Begin at the line below that has "New England Patriots". Stop after the line that has "Pure Mint 100ml Shortfill E-Liquid by Just Juice Vape Fox Pure", repeating each line exactly and leaving out the pictures.

_Provided data_
====================

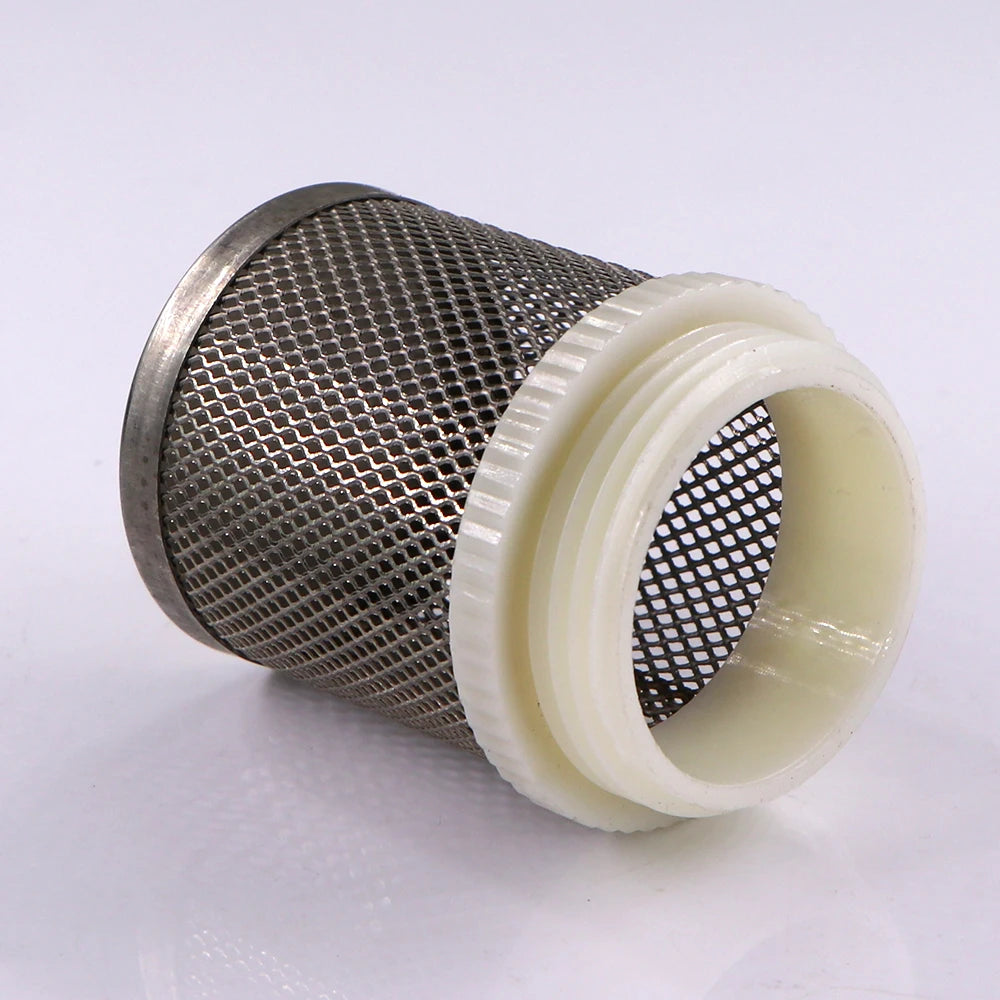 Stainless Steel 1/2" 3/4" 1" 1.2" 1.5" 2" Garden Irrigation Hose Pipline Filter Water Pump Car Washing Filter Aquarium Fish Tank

====================

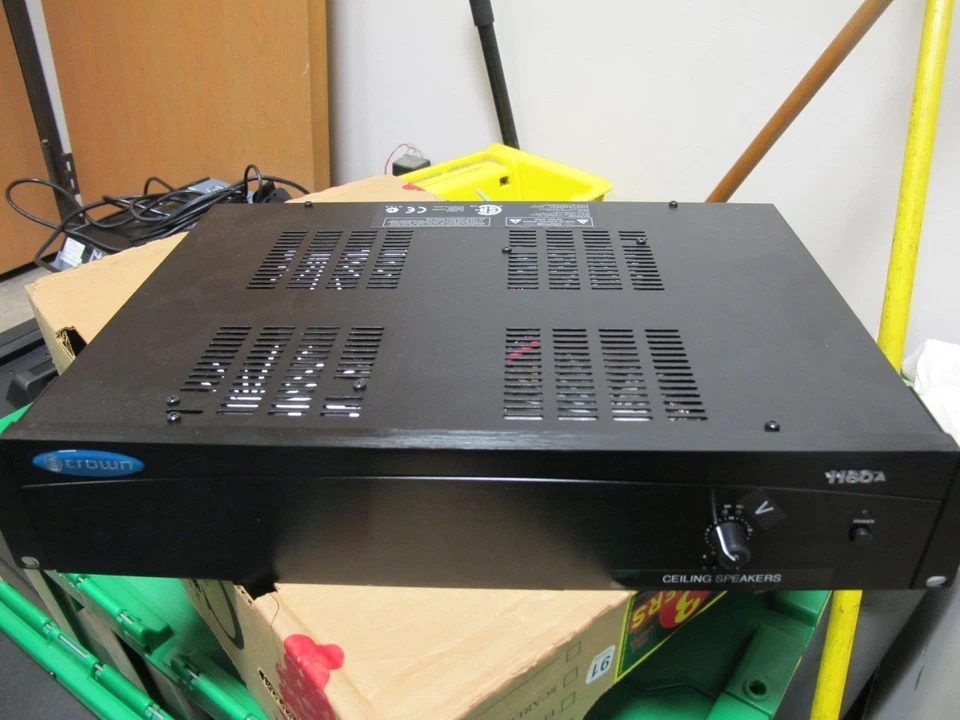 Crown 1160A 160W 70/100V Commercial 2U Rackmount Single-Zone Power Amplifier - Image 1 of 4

====================

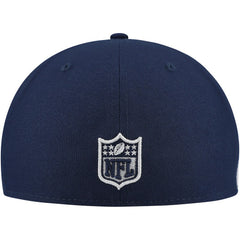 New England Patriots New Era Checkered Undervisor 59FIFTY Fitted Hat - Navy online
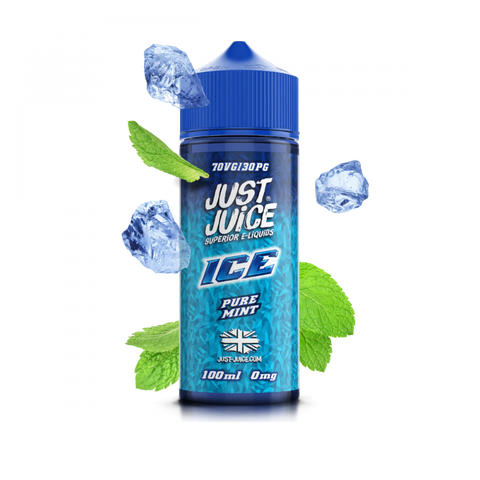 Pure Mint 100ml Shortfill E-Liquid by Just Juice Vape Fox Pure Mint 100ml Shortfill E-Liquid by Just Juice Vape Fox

====================

_Exercise solution_
 New England Patriots New Era Checkered Undervisor 59FIFTY Fitted Hat - Navy online
 Pure Mint 100ml Shortfill E-Liquid by Just Juice Vape Fox Pure Mint 100ml Shortfill E-Liquid by Just Juice Vape Fox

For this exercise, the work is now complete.